Dr. Bratton (Dr. Bratwurst to Bulleywell insiders) has high hopes for his students. Unfortunately, his sentiments seem to pertain to some alternate universe as they don’t reflect the reality of school life for Baileywell’s students. Just ask Bart Rangely.
Bart’s eighth-grade year at Hillbrook Middle School in northern New Jersey begins just like his previous school years–school’s the place to go to hang out with friends and to fly miles under the radar, just like he likes it. However, flying under the radar becomes impossible after Bart stays home from school sick on 9/11/2001.
On that day, Bart’s father (who has not been home for six months anyway since he left them to live with another woman) goes to work on the ninety-fifth floor of the North Tower of the World Trade Center. His mother, who works in the North Tower also, remains home to take care of Bart.
When they receive news of his father’s death, Bart’s whole world turns upside down. Not only does he have to deal with the instant fame created by his “saving” his mother’s life; he’s also coping with the death of a father who deserted them before his death. He’s also received a full scholarship to Baileywell. His mother believe this scholarship to be the good coming out of the bad, but Bart’s not so sure.
Bart’s matriculation into Baileywell Prep (better known as Bulleywell but also known as Bullyville or Bullyreallywell) signifies his transition from “Miracle Boy” of 9/11 to “bully-ee.” Bart is assigned Tyro Bergen as his Big Brother, Big Brother like Big Brother in 1984 that is. Tyro’s watching Bart and thinking about Bart for the sole purpose of thinking up new methods of psychological torture to inflict upon him.
Despite Bart’s misery at Bulleywell, he endures because his mother seems so happy that he has such an “opportunity.” She clings to his Baileywell education as if it proves that 09/11 didn’t completely shatter her, her son, and their view of the world and humanity itself. However, when Tyro’s nastiness reaches a new level, Bart snaps and retaliates.
Repercussions ensue for the both Bart and Tyro, and they end up in community service. From there, they both find that outward appearances can be deceiving, that change can be very difficult indeed, and that one’s past impacts one’s future. Bart’s year at Bullyville changes him indelibly, and, as Dr. Bratton envisioned from the get-go, the Baileywell experience helps turn him into “the sort of compassionate, feeling, deeply, human men who will lead us into a brighter and more caring future.”
While the ending felt too neat and jarringly retrospective to me (it wraps up with Bart as a father looking back on his Bulleywell days), on the whole Bullyville creates an emotionally complicated and seemingly realistic picture of an underdog’s life.

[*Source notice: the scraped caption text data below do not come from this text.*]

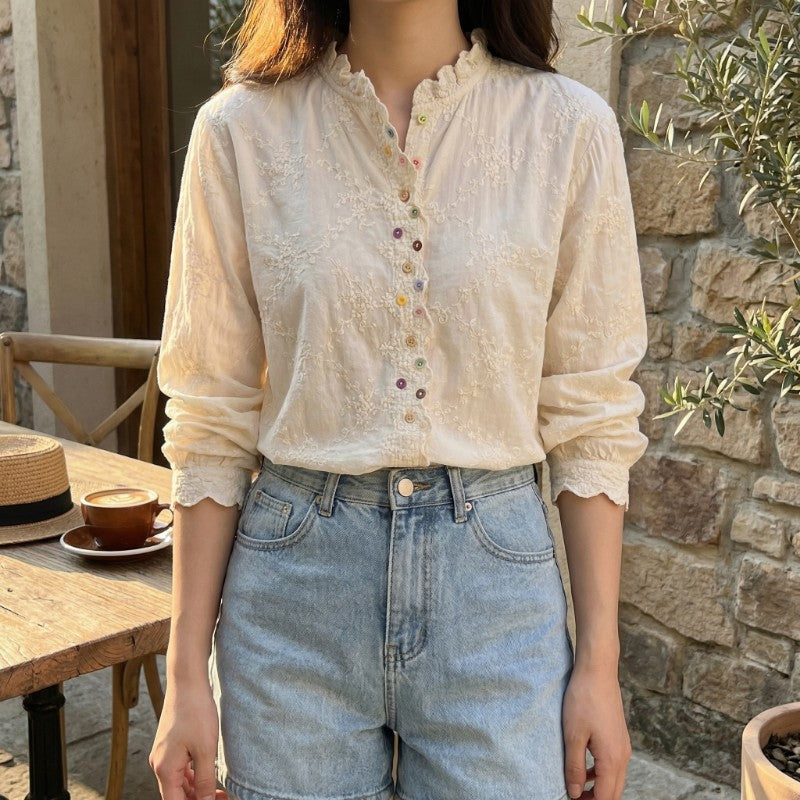 Avery Embroidered Cotton Blouse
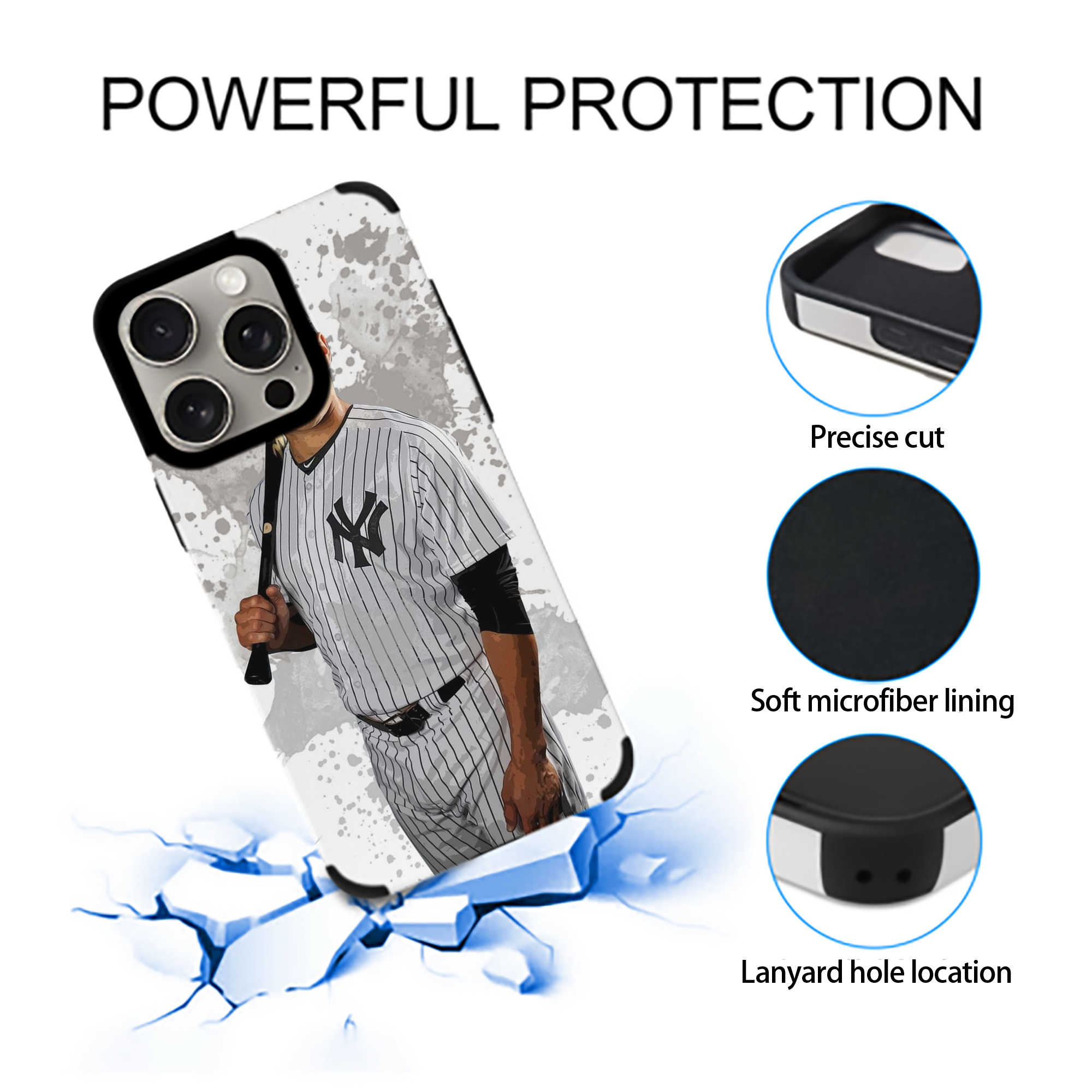 Giancarlo Stanton 32 IPhone 15 Pro Max PU Leather Case – Soft Lining, 360° Protection – Precise Fit, 3D Buttons, Easy Charging – Anti-Yellowing, Easy To Clean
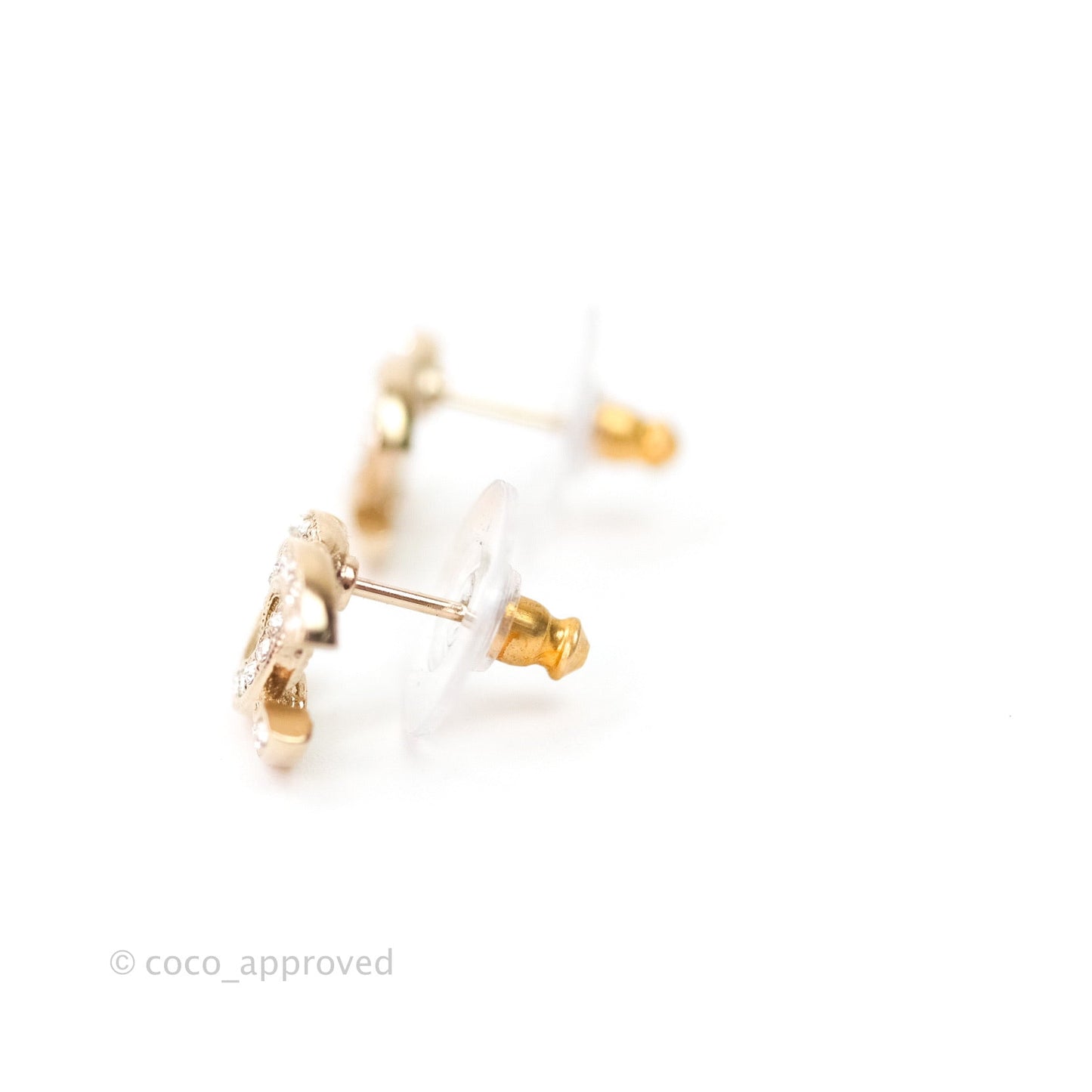 Chanel CC Earrings Gold Tone Crystal
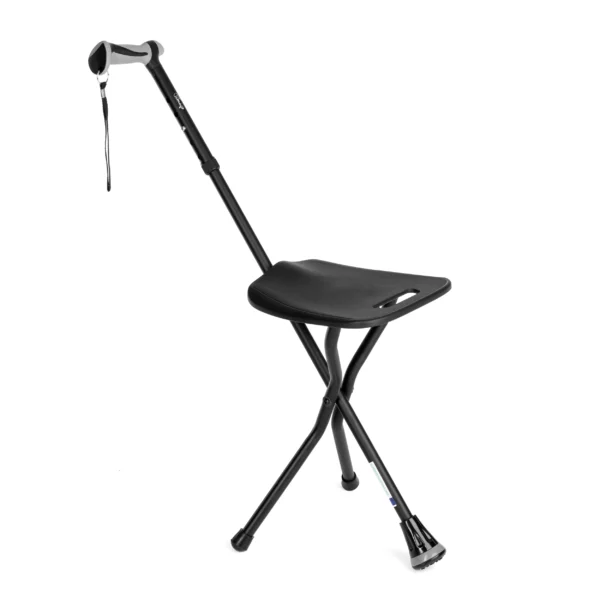 Walking stick with seat fully unfolded ready for sitting
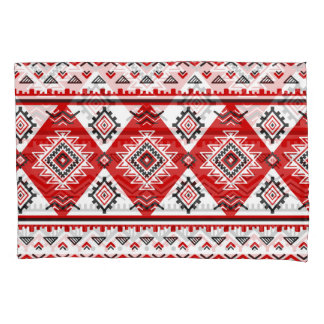 Ethnic black white red, Ukrainian motifs. Pillowcase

Bullyville covers what it’s like to be bullied and suggests possible responses of the bully-ee, but also it depicts a young boy’s coming to terms with loss, change, friendship, and his place in this world.
For other YA read-alikes about bullies and bullying that have equally disturbing pictures of bullies, try Brock Cole’s The Goats or Robert Cormier’s The Chocolate War. And for even more ideas on this topic at all age levels view the recently posted booklist compiled by Tessa Michaelson and posted at website for the Cooperative Children’s Book Center (CCBC) at the University of Wisconsin-Madison: Thick-skinned, Thin-skinned, The Skin I’m In: Books about Bullying, Teasing, Relational Aggression and School Violence. Does anyone else have any suggestions on this topic or thoughts on Prose’s novel?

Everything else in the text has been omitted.